Not necessarily. Charlie had seen this sort of thing in Iraq. The local services treated foreign nationals as disposables. Sure, ISI would make use of Saif, pay him well. But he wasn’t a part of their culture, or their clan. They’d use him and then forget him. Unless, of course, he had mentioned that he’d seen one of the Gitmo Infidels sitting outside a zam-zam shop.

But all of Charlie’s instincts told him Saif hadn’t said a word. Not to ISI or anybody else. Saif had said it himself: he wanted to kill Mr. José and do it slowly. He wanted revenge on Mr. José. It had been personal.

Personal. That was Saif’s mistake. Too bad for him.

And good for Charlie.

Time to move. Charlie adjusted the seat, maneuvered his sticks—he’d use one in his left hand to control the gas pedal and the brake—and turned the ignition key.

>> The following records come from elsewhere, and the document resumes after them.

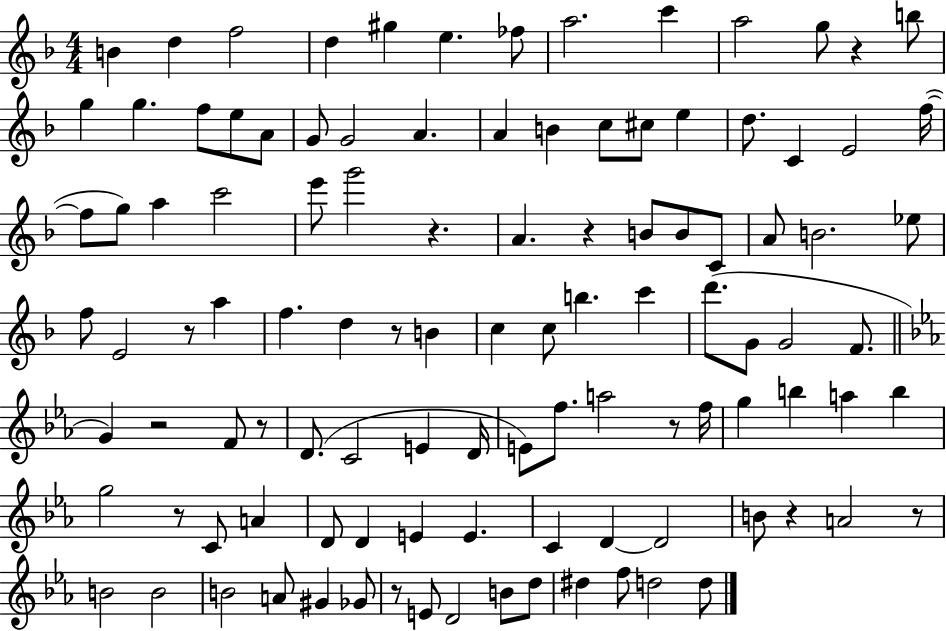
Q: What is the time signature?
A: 4/4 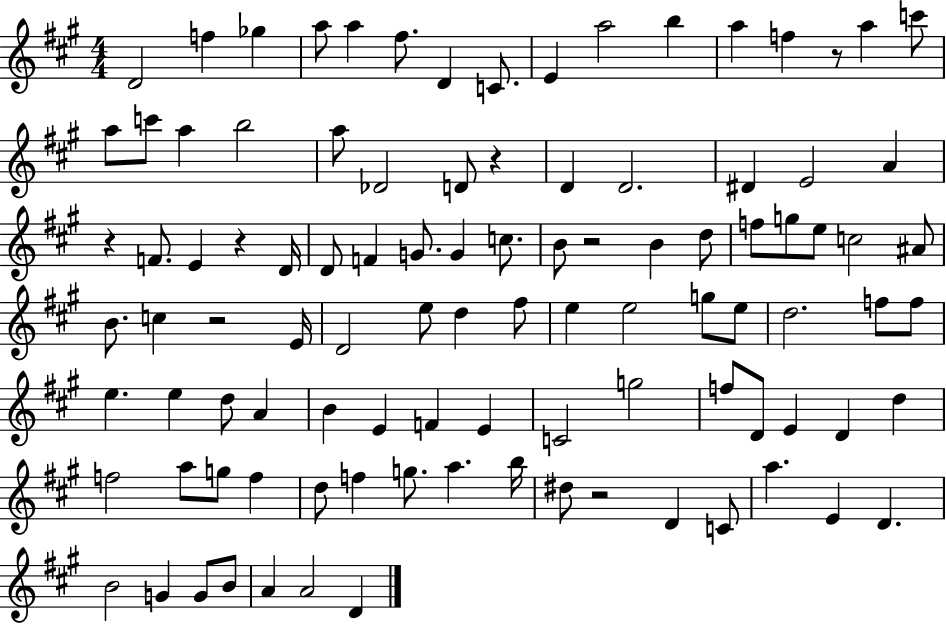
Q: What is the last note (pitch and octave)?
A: D4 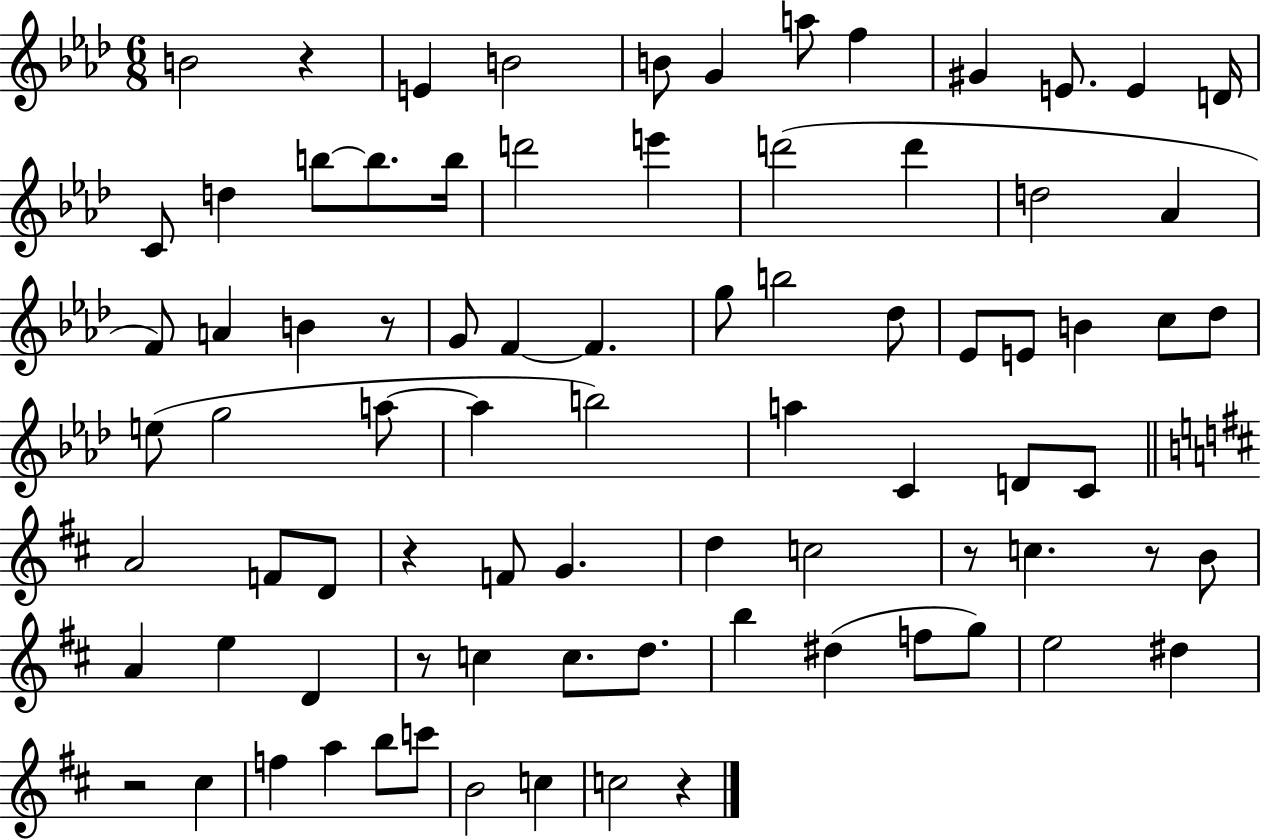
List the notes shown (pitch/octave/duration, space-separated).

B4/h R/q E4/q B4/h B4/e G4/q A5/e F5/q G#4/q E4/e. E4/q D4/s C4/e D5/q B5/e B5/e. B5/s D6/h E6/q D6/h D6/q D5/h Ab4/q F4/e A4/q B4/q R/e G4/e F4/q F4/q. G5/e B5/h Db5/e Eb4/e E4/e B4/q C5/e Db5/e E5/e G5/h A5/e A5/q B5/h A5/q C4/q D4/e C4/e A4/h F4/e D4/e R/q F4/e G4/q. D5/q C5/h R/e C5/q. R/e B4/e A4/q E5/q D4/q R/e C5/q C5/e. D5/e. B5/q D#5/q F5/e G5/e E5/h D#5/q R/h C#5/q F5/q A5/q B5/e C6/e B4/h C5/q C5/h R/q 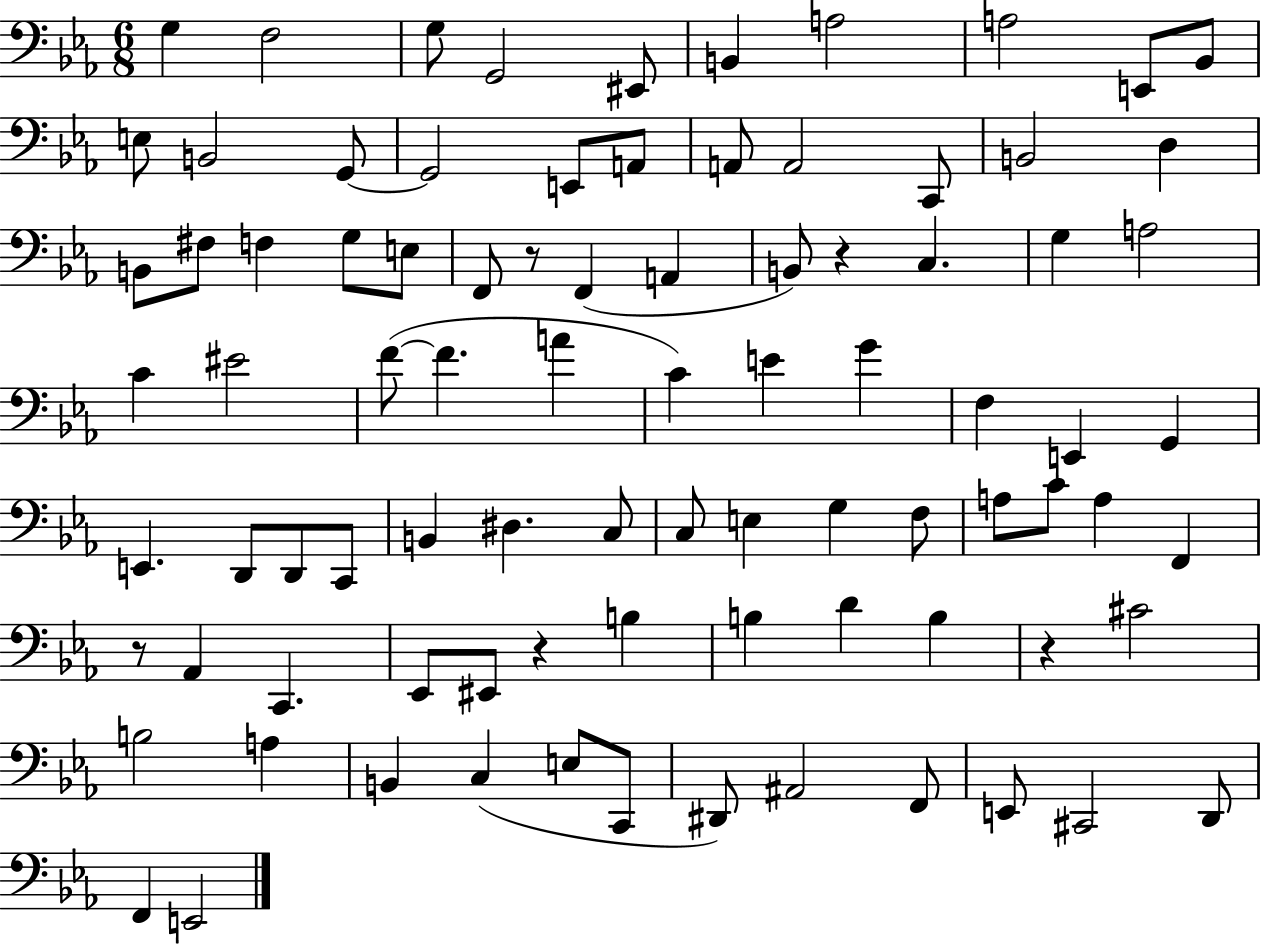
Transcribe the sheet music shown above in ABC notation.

X:1
T:Untitled
M:6/8
L:1/4
K:Eb
G, F,2 G,/2 G,,2 ^E,,/2 B,, A,2 A,2 E,,/2 _B,,/2 E,/2 B,,2 G,,/2 G,,2 E,,/2 A,,/2 A,,/2 A,,2 C,,/2 B,,2 D, B,,/2 ^F,/2 F, G,/2 E,/2 F,,/2 z/2 F,, A,, B,,/2 z C, G, A,2 C ^E2 F/2 F A C E G F, E,, G,, E,, D,,/2 D,,/2 C,,/2 B,, ^D, C,/2 C,/2 E, G, F,/2 A,/2 C/2 A, F,, z/2 _A,, C,, _E,,/2 ^E,,/2 z B, B, D B, z ^C2 B,2 A, B,, C, E,/2 C,,/2 ^D,,/2 ^A,,2 F,,/2 E,,/2 ^C,,2 D,,/2 F,, E,,2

That’s when he remembered he hadn’t closed the trunk.

“Oh, shit,” he said out loud.

The words brought a laugh. They were the first English he’d spoken in more than a month.

As he rolled out and dragged himself toward the rear of the car, he was already thinking about where he would abandon the vehicle. Of course he was. Exhausted or not, Charlie always tried to follow the Ranger’s Rule of the Five Ps: Proper Planning Prevents Poor Performance.

He knew a neighborhood on the southwest side of Abbottabad where he could leave it. He’d take the plates. The car would be stripped clean within twenty-four hours.